Los Angeles wildfires, January 2025

Photo: Los Angeles wildfires, January 2025 (Source: City of Irvine, California)

Projecting and reducing the global economic impacts of climate change

Modeling improvements needed to provide more reliable guidance to decision-makers, finds MIT CS3-led study 

Amplified by climate change, January’s wildfires in Los Angeles destroyed more than 15,000 buildings and displaced more than 100,000 people. The weather forecasting service AccuWeather estimates that total economic losses incurred by the fires will exceed $250 billion. As wildfires, droughts, floods and other extreme weather events become more frequent and intense across the globe amid a warming climate, such losses are only expected to grow in coming decades. But just how much they will grow is a matter of scientific debate.

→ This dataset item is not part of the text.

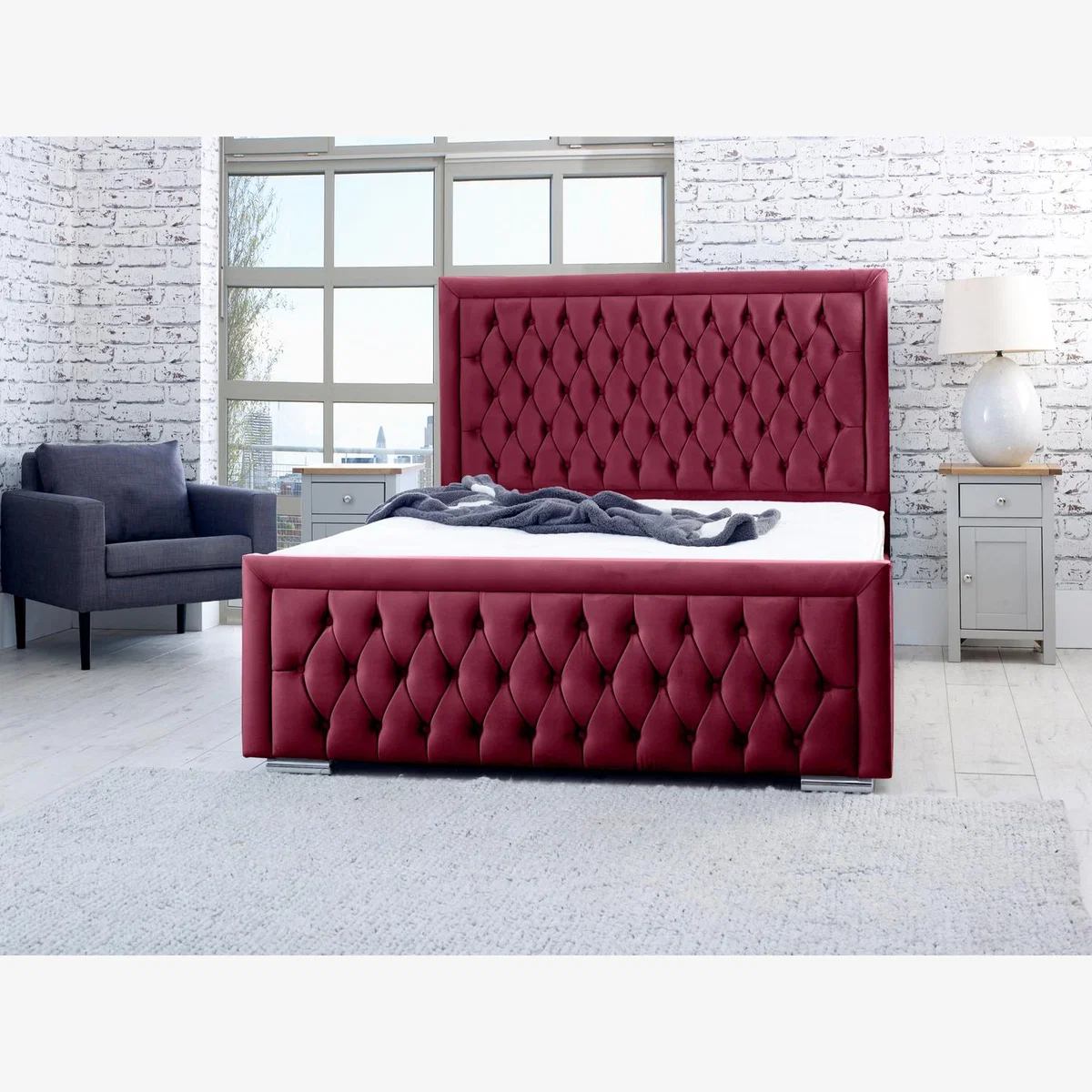 Piera Plush 4 Inch Solid Thick Bed Frame With Chesterfield Headboard - Maroon / Single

Today’s projections of the impacts of climate change on the global economy vary widely depending on the methods used to model the Earth’s interconnected physical and societal systems. In two recent studies, estimates of the global gross domestic product (GDP) loss due to the same level of global warming ranged from 3 percent to 60 percent. The Intergovernmental Panel on Climate Change (IPCC) Sixth Assessment Report suggests that such large discrepancies must be reconciled to provide more robust guidance for decision-makers who seek to reduce the economic and human costs of climate change. 

To that end, a team of researchers at the MIT Center for Sustainability Science and Strategy (CS3), MIT Energy Initiative (MITEI) and Electric Power Research Institute (EPRI) is working to better understand and more precisely model the pathways by which climate change impacts the economy. In a study appearing in Nature Climate Change, the team compares three common methods for estimating economic impacts of climate change: structural modeling, in which the climate change-economy relationship is specified for different impact categories ranging from temperature-related mortality to agricultural productivity; statistical modeling, in which historical data and statistical methods are used to directly estimate how the global economy evolves with climate change; and meta-analysis, which derives the climate change-economy relationship from structural and statistical estimates. 

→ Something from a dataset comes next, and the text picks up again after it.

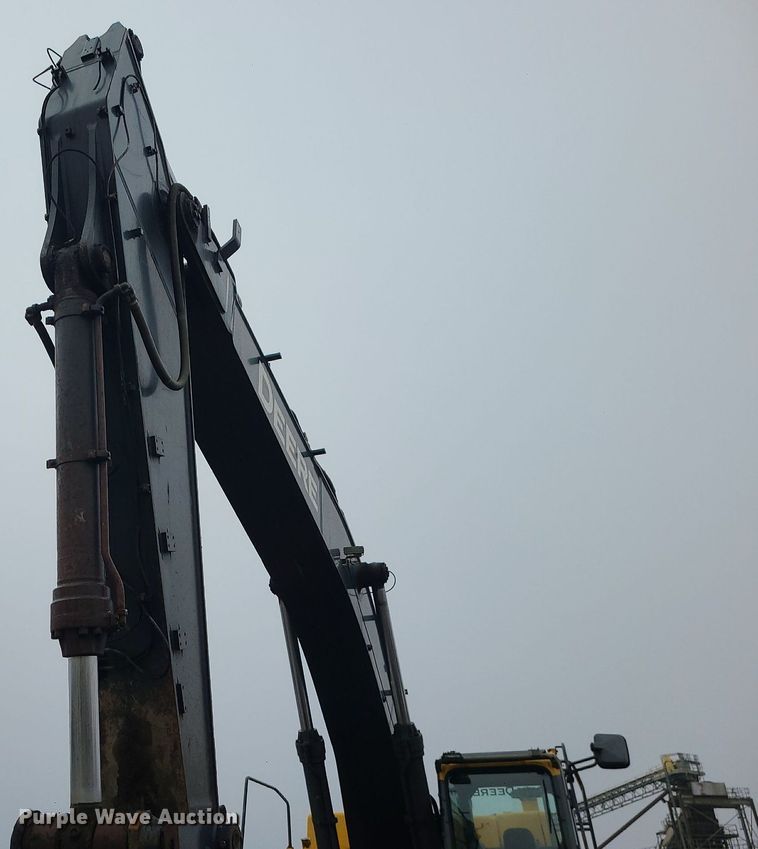 image for item LJ9498 2007 John Deere   450D LC   excavator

The researchers find that overall, statistical modeling produces significantly higher global GDP loss estimates than structural modeling. Based on these results, they call for further studies to pinpoint the mechanisms that lead to this discrepancy, and to determine how to incorporate additional climate impacts, and adaptive responses, into models and analyses. These include the economic consequences of climate impacts on ecosystem services and recreation, species loss and biodiversity, crime and conflict, and mass migration. 

“There is a clear need for better understanding of the mechanisms behind widely divergent estimates of climate-driven global economic losses, and more comprehensive representation of their drivers in estimation methods,” says MIT CS3 and MITEI Principal Research Scientist Jennifer Morris, the study’s lead author. “These improvements would produce a more reliable range of estimates that decision-makers could use to guide their efforts to mitigate and adapt to climate change.”